Exact reproduction required: the lines below from the line with "Portable Pre-Inked Hopping" to the line with "Housing plate milled", both ends included, and no others.

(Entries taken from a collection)
§ §

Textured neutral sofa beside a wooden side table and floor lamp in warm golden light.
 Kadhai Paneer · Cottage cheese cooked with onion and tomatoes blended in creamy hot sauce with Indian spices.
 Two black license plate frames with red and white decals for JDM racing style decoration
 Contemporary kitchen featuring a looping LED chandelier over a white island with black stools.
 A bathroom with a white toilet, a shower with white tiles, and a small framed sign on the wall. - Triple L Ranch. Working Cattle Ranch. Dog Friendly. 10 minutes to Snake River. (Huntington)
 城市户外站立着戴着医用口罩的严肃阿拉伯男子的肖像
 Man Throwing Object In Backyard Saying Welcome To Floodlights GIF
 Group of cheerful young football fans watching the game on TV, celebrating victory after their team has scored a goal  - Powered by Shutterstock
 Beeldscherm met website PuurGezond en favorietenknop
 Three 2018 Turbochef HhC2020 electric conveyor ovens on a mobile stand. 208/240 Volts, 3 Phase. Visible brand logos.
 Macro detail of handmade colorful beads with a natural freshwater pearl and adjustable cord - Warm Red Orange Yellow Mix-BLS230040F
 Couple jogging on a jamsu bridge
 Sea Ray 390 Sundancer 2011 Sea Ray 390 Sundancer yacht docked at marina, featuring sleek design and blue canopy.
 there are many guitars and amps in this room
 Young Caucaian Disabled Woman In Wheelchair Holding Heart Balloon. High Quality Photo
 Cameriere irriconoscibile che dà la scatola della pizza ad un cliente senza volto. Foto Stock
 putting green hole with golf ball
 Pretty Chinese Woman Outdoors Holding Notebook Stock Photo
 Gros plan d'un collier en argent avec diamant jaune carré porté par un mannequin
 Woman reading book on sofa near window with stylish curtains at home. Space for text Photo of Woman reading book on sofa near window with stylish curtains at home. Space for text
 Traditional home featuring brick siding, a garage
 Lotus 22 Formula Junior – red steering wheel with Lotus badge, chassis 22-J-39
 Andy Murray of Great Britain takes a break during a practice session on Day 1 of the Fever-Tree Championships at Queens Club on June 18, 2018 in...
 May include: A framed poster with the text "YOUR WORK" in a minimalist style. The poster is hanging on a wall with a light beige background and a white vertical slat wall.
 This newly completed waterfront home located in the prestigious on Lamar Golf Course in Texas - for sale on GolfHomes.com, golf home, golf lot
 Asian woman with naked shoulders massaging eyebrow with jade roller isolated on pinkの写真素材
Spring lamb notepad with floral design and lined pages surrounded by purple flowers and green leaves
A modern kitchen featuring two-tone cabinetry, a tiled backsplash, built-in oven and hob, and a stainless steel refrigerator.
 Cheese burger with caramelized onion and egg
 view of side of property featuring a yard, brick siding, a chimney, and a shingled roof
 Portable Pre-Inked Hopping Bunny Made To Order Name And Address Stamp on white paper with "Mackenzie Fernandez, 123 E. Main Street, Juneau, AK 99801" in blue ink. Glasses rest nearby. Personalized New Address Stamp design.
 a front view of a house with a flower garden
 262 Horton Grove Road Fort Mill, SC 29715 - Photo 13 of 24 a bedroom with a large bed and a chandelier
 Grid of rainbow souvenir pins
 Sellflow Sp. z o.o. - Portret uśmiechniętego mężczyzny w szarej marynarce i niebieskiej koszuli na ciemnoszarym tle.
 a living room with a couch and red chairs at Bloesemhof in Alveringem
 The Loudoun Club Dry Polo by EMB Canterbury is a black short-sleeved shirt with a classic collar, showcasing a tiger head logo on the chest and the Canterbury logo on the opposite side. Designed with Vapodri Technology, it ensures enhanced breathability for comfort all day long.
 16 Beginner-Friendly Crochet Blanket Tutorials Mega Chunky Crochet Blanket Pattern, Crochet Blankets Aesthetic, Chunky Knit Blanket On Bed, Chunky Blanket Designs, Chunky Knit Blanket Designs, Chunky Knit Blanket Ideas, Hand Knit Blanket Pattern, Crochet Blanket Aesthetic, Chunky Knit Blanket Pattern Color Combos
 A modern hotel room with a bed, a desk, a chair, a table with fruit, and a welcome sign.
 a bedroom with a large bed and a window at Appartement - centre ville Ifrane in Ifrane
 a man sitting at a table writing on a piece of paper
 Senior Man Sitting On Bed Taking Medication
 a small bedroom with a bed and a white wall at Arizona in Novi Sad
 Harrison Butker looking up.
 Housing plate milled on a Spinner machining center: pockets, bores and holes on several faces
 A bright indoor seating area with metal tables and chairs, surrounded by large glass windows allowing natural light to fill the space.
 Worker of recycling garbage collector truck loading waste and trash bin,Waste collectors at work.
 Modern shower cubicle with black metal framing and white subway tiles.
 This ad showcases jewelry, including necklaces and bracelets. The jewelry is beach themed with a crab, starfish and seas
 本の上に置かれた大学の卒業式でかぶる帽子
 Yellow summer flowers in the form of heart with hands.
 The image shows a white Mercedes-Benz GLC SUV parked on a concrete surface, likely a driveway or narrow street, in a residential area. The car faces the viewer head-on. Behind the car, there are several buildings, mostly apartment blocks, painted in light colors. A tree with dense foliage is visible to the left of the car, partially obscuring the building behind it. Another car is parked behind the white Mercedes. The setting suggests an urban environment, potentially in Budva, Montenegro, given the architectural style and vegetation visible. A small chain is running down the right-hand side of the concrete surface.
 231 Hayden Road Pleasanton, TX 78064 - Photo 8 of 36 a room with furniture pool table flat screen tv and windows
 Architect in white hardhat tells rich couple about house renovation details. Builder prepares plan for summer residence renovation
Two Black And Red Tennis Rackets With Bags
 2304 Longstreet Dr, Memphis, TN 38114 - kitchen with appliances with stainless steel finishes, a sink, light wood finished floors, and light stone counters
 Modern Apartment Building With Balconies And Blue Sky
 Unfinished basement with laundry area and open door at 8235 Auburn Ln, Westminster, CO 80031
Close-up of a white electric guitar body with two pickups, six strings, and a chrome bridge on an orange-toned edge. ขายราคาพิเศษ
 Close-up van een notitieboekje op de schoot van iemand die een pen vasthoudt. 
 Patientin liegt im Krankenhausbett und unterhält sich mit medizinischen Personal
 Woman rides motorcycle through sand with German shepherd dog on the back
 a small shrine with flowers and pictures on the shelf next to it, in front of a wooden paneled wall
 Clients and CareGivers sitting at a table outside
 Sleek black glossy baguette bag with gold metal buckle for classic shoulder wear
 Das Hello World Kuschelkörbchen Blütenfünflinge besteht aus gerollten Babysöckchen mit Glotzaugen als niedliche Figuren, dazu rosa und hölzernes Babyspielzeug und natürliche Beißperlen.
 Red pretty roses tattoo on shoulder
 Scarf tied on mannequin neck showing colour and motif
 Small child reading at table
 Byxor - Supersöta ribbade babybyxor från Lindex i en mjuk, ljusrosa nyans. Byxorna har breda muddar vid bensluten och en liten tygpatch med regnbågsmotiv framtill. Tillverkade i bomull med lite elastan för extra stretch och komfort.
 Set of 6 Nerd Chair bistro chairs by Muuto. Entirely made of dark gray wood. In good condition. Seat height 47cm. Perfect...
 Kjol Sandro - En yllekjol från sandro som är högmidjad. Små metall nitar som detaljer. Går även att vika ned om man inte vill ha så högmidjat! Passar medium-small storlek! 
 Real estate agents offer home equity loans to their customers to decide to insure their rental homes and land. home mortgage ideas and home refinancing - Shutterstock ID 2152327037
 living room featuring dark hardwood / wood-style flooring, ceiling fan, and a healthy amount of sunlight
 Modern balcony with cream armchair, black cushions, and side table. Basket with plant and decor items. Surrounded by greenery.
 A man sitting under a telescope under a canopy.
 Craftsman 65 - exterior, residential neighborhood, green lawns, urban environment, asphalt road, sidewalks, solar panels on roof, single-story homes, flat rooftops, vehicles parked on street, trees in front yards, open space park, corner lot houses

§ §

• EXERCISE RESULT
 Portable Pre-Inked Hopping Bunny Made To Order Name And Address Stamp on white paper with "Mackenzie Fernandez, 123 E. Main Street, Juneau, AK 99801" in blue ink. Glasses rest nearby. Personalized New Address Stamp design.
 a front view of a house with a flower garden
 262 Horton Grove Road Fort Mill, SC 29715 - Photo 13 of 24 a bedroom with a large bed and a chandelier
 Grid of rainbow souvenir pins
 Sellflow Sp. z o.o. - Portret uśmiechniętego mężczyzny w szarej marynarce i niebieskiej koszuli na ciemnoszarym tle.
 a living room with a couch and red chairs at Bloesemhof in Alveringem
 The Loudoun Club Dry Polo by EMB Canterbury is a black short-sleeved shirt with a classic collar, showcasing a tiger head logo on the chest and the Canterbury logo on the opposite side. Designed with Vapodri Technology, it ensures enhanced breathability for comfort all day long.
 16 Beginner-Friendly Crochet Blanket Tutorials Mega Chunky Crochet Blanket Pattern, Crochet Blankets Aesthetic, Chunky Knit Blanket On Bed, Chunky Blanket Designs, Chunky Knit Blanket Designs, Chunky Knit Blanket Ideas, Hand Knit Blanket Pattern, Crochet Blanket Aesthetic, Chunky Knit Blanket Pattern Color Combos
 A modern hotel room with a bed, a desk, a chair, a table with fruit, and a welcome sign.
 a bedroom with a large bed and a window at Appartement - centre ville Ifrane in Ifrane
 a man sitting at a table writing on a piece of paper
 Senior Man Sitting On Bed Taking Medication
 a small bedroom with a bed and a white wall at Arizona in Novi Sad
 Harrison Butker looking up.
 Housing plate milled on a Spinner machining center: pockets, bores and holes on several faces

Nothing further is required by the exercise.